Arriva un mercoledì e mi chiede del programma di sociologia dell’organizzazione. Non faccio in tempo a dirgli autori e titoli dei libri che li dice lui a me. Scusa – gli faccio -, ma se li sai già che me li chiedi a fare? Mi scusi – mi risponde -, in realtà volevo la conferma che non erano cambiati, perché questi ce li ho già, nel senso che ce li ha già mia figlia, che studia sociologia, e che l’esame con lei l’ha fatto già. Ok, allora siamo a posto – dico io-. Per la verità non ancora – mi fa lui-. In che senso, scusa? Nel senso che volevo chiederle se mi poteva dare qualche indicazione su come studiare.
Voi a un tipo così cosa avreste detto? Io gli ho detto di ripassare il mercoledì successivo intorno alle 8.30.
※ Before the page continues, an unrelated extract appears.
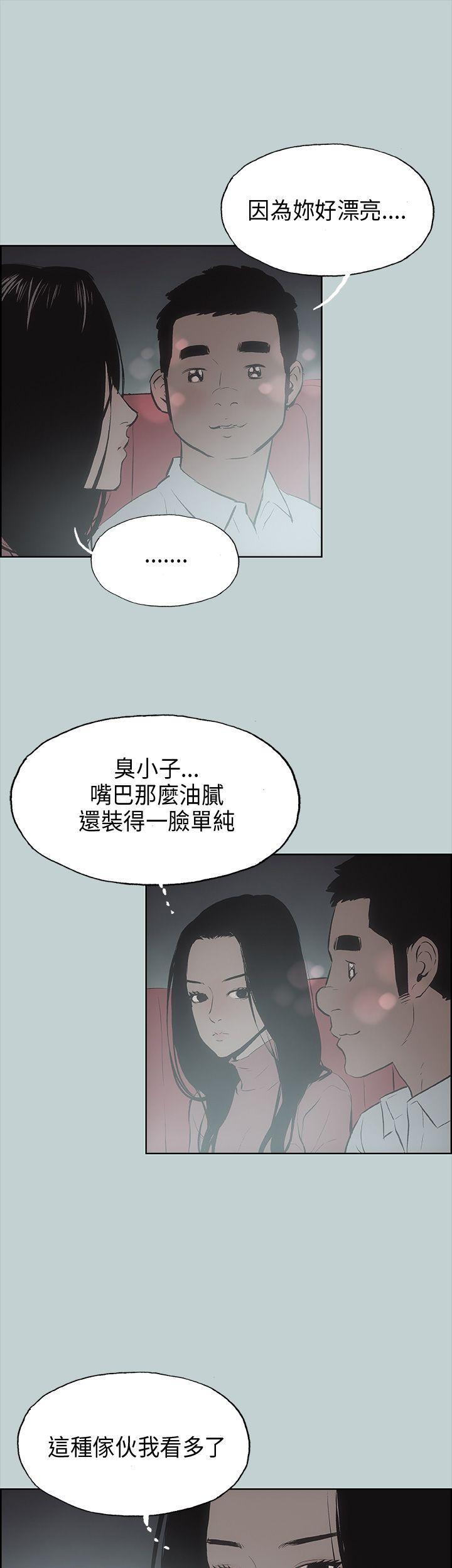 三生三世十里桃花漫画韩漫全集-第19话无删减无遮挡章节图片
Il mercoledì dopo arriva in fretta, la prima ora se ne va per le indicazioni che mi aveva chiesto, dopo di che mi dice che è dell’ottobre 1954, che è studente di Scienze del Governo e dell’Amministrazione, che ha lavorato alla Conceria IMPEL di Solofra (AV) come ragioniere responsabile di acquisti, vendite e contabilità per circa 28 anni senza fare mai un giorno di assenza. Prende fiato, poi mi racconta del cuore che non ha retto, del lento recupero, della dieta alimentare, del passaggio da 60 a 0 sigarette al giorno, dell’attività sportiva leggera ma continua. Dal 2004 sono in pensione – conclude-, nel 2007 mi sono iscritto all’università.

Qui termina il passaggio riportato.